O que a prática de pintura é hoje é um assunto intrincado. Pode-se, de extremo a extremo, com um sem fim de variações intermédias, explicar a hipótese de se continuar a insistir na pintura porque se está num romance indefetível com a mais primitiva noção de representação, ou porque se encara a sua possibilidade como um meio de expressão cínico numa suposta circunstância de exterioridade à sua substância artesanal. Estes extremos, que são no fundo as regiões históricas nas quais se construiu a história da arte e da pintura, clássica e moderna, são os pilares da sua existência. É na variabilidade entre as imanências do medium e as atributos da contextualidade, que se consolidam os territórios que legitimamente continuam a fazer da prática da pintura uma possibilidade, mas...
Podemos hoje afirmar que a pintura é uma prática que se salvou por ter sido ameaçada de morte e que foi a ameaça, ou as constantes notícias de que ameaças várias vinham colocar o seu lugar em causa, que verdadeiramente recordaram os criadores das suas qualidades. Richard Wollheim afirma que “a pintura apresenta variados tipos de sentido ou conteúdo, ao representar determinados objetos, pessoas, cenas e acontecimentos de uma forma mais ou menos deliberada, que por sua vez expressa o temperamento e as emoções à luz da subjetividade desse hipotético espetador interior algures num canto do mundo, cuja perspetiva e papel nesse canto do mundo é suposto nós, reais espetadores, adotarmos imaginativamente.”9 Podemos a partir desta história abreviada imaginar que a resistência da pintura se joga nesta particularidade, de ser pensada e manufaturada a partir de um sentido muito genuíno de espaço e de tempo, que assume esse canto do mundo como o recurso essencial à sua legitimidade e urgência.
1 KRACAUER, Siegfried; Calico world (1926), in The Mass Ornament: Weimar Essays; Harvard University Press, Cambridge, 1995, pág 287 (Ed. Thomas Y. Levin)
2 WALSER, Robert, Histórias de Imagens, Edições Cotovia, Lisboa, 2011, pp.75-76.
3 KOETHER, Jutta; By other means, in; f.; Sternberg Press, Berlim, 2015. pp. 41-42
4 DANTO, Arthur; Embodied Meanings, Isotypes, and Aesthetical Ideas; The Journal of Aesthetics and Art Criticism, Vol. 65, No. 1, Special Issue: GlobalTheories of the Arts and Aesthetics (Winter, 2007), pp. 121-129
5 LAWSON, Thomas; Last Exit Painting, in HERTZ, Richard; Theories of Contemporary Art; Prentice Hall, New Jersey, 1985, p. 153.

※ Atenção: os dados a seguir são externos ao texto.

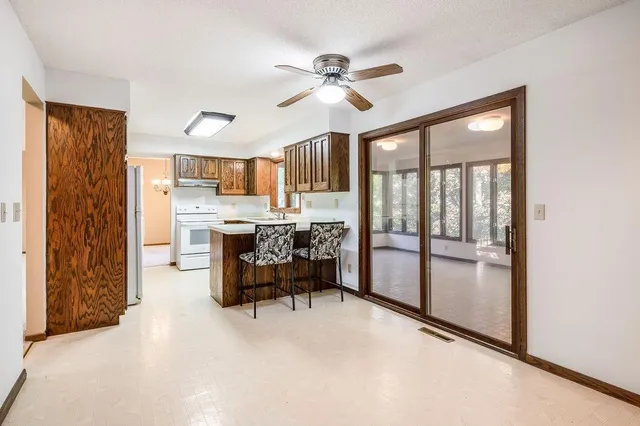 $415,000 | 7585 Lanewood Lane North, Maple Grove, MN 55311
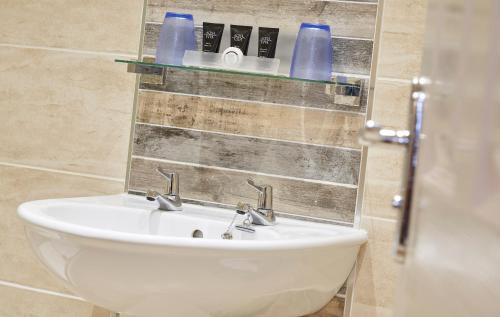 Kingston Theatre Hotel - image 4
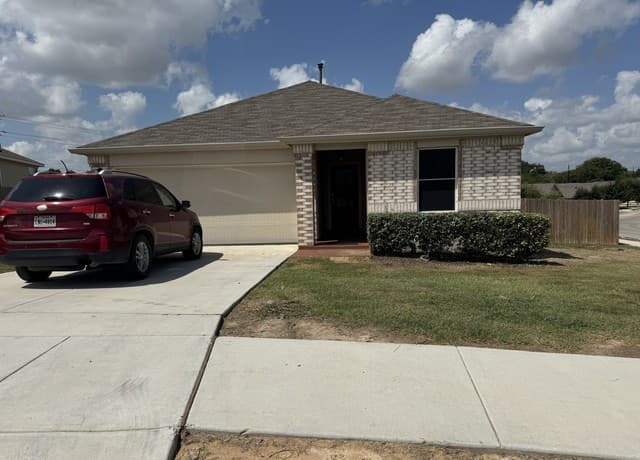 rental at 12702  Mirecourt Way in Schertz, TX — photo 1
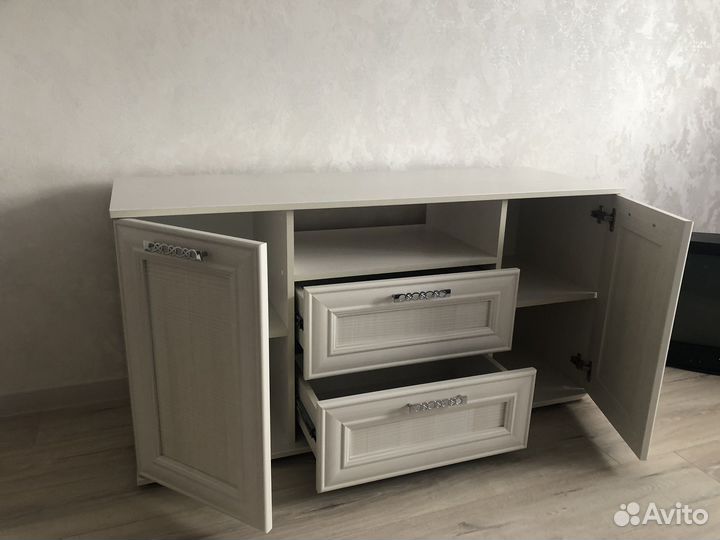 Тумба под тв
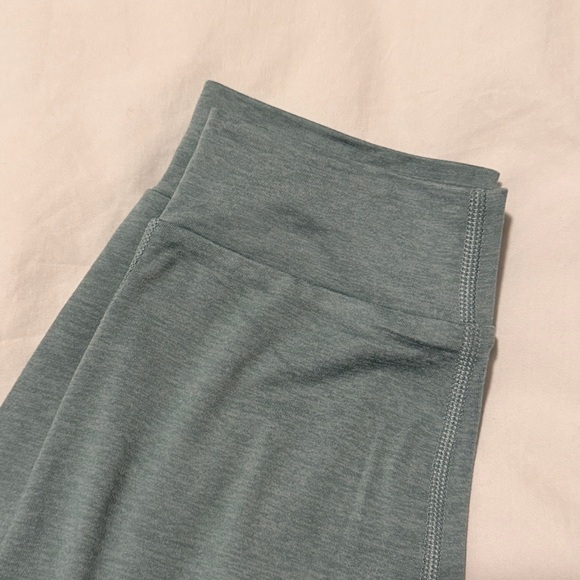 Vuori Mint Hoodie (S) and Jogger (M) Set - Picture 7 of 9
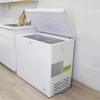 Koolatron Deep Freezer – Chest Freezer, 1 Wire Basket, Garage Ready, Meat Storage, Front Drain, Congelador For Home, Apartment, Basement, Dorm, Cottage, Manual Defrost, Stand Up, 5.0 Cubic Feet, White
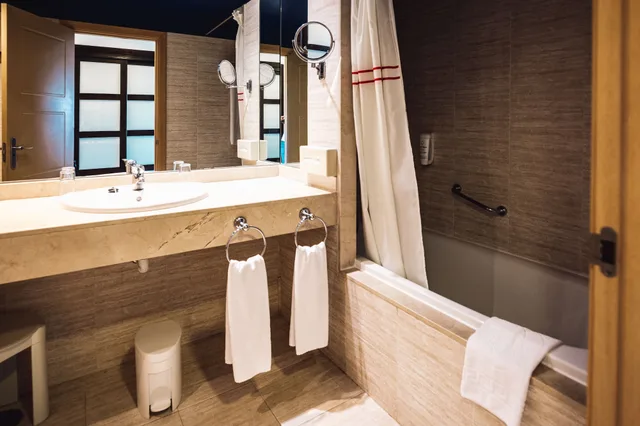 غرفة سوبيريور ثلاثية، Hotel Costa Calero Thalasso Spa 7/10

6 KIRCHNER, Ernst Ludwig; Programme of the Brücke, 1906
7 Calasso, Roberto; As Núpcias de Cadmo e Harmonia; Edições Cotovia, Lisboa, 1990. p. 136.
8 BOIS, Yve-Alain; Painting: The Task of Mourning, em Painting As Model, M.I.T. Press, Cambridge, Massachussets e Londres, 1993, p. 241.
9 HOPKINS, Robert; The Spectator in the Picture, in Richard Wollheim on the Art of Painting. Art as Representation
and Expression, CUP, Cambridge, 2001, pp.215-231. (ed. R.Van Gerwen).